- Opening Delimiter -
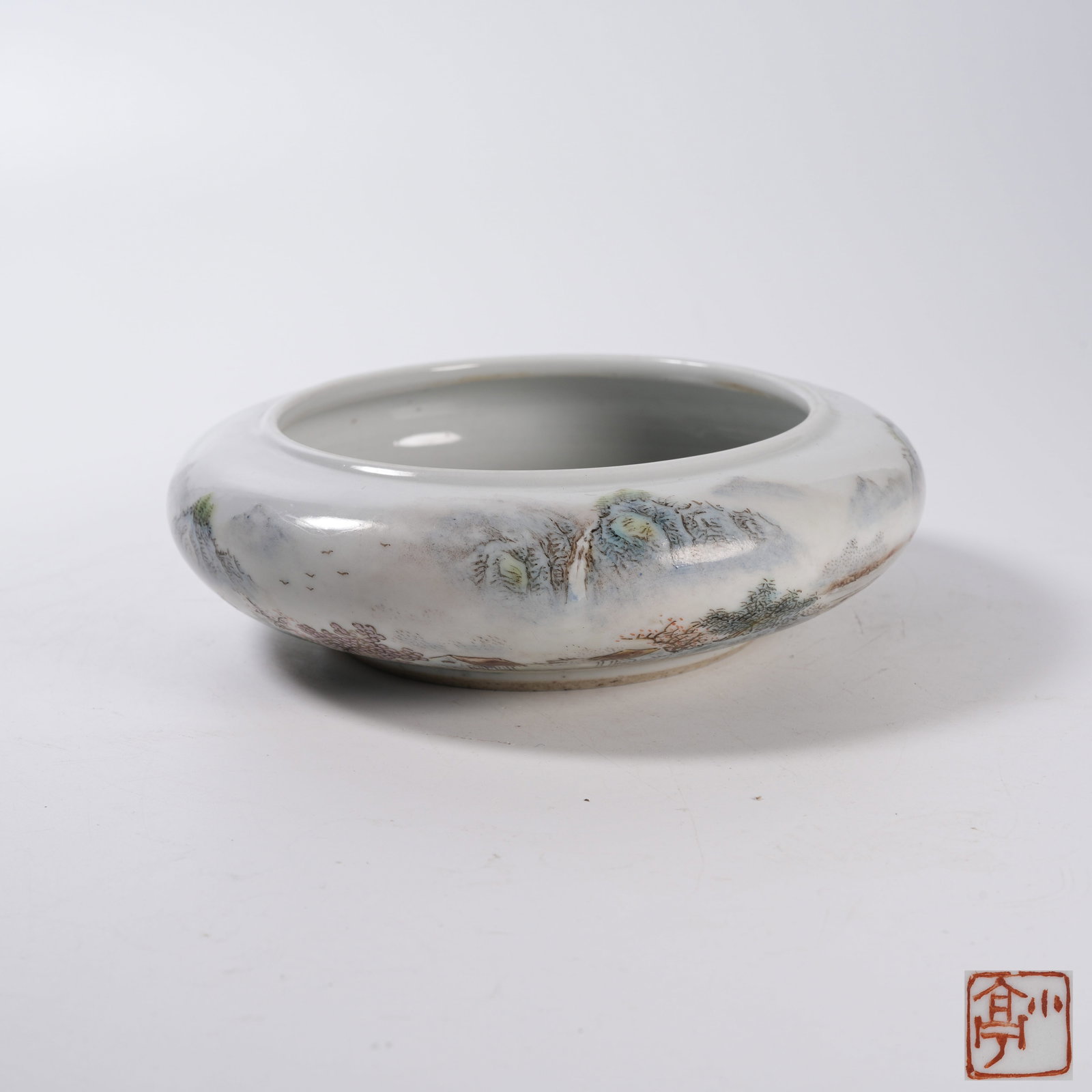 A WUCAI WATER POT WITH LANDSCAPE PATTERN: Wucai Water Pot with Landscape Pattern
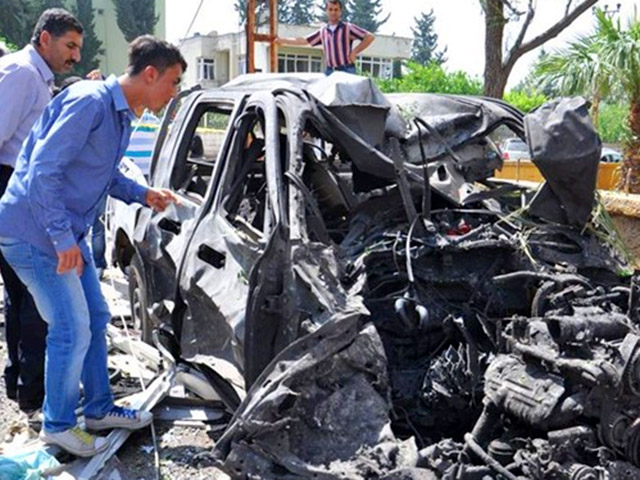 Начиненный взрывчаткой автомобиль взорвался возле больницы на севере Сирии, теракт привел к многочисленным жертвам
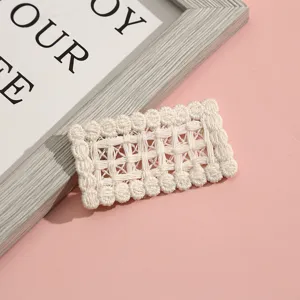 Gedetailleerd overzicht van witte geweven kantborduurpatch, delicaat accessoire.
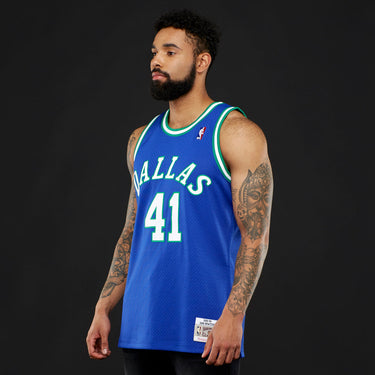 Dallas Mavericks Dirk Nowitzki Swingman Jersey - Back View - Jersey Zone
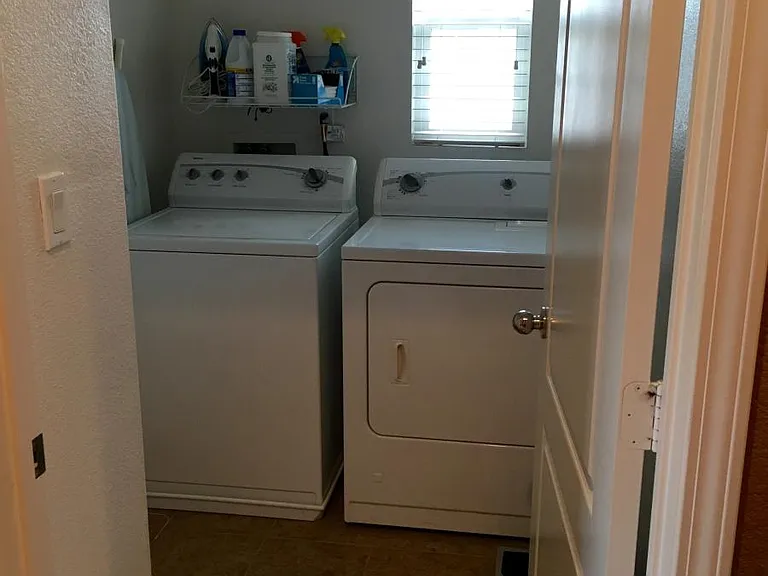 Laundry room 2nd floor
- Closing Delimiter -
#### [TRY IT]
Could you output all of the records exactly, without their pictures?

#### [SOLUTION]
 A WUCAI WATER POT WITH LANDSCAPE PATTERN: Wucai Water Pot with Landscape Pattern
 Начиненный взрывчаткой автомобиль взорвался возле больницы на севере Сирии, теракт привел к многочисленным жертвам
 Gedetailleerd overzicht van witte geweven kantborduurpatch, delicaat accessoire.
 Dallas Mavericks Dirk Nowitzki Swingman Jersey - Back View - Jersey Zone
 Laundry room 2nd floor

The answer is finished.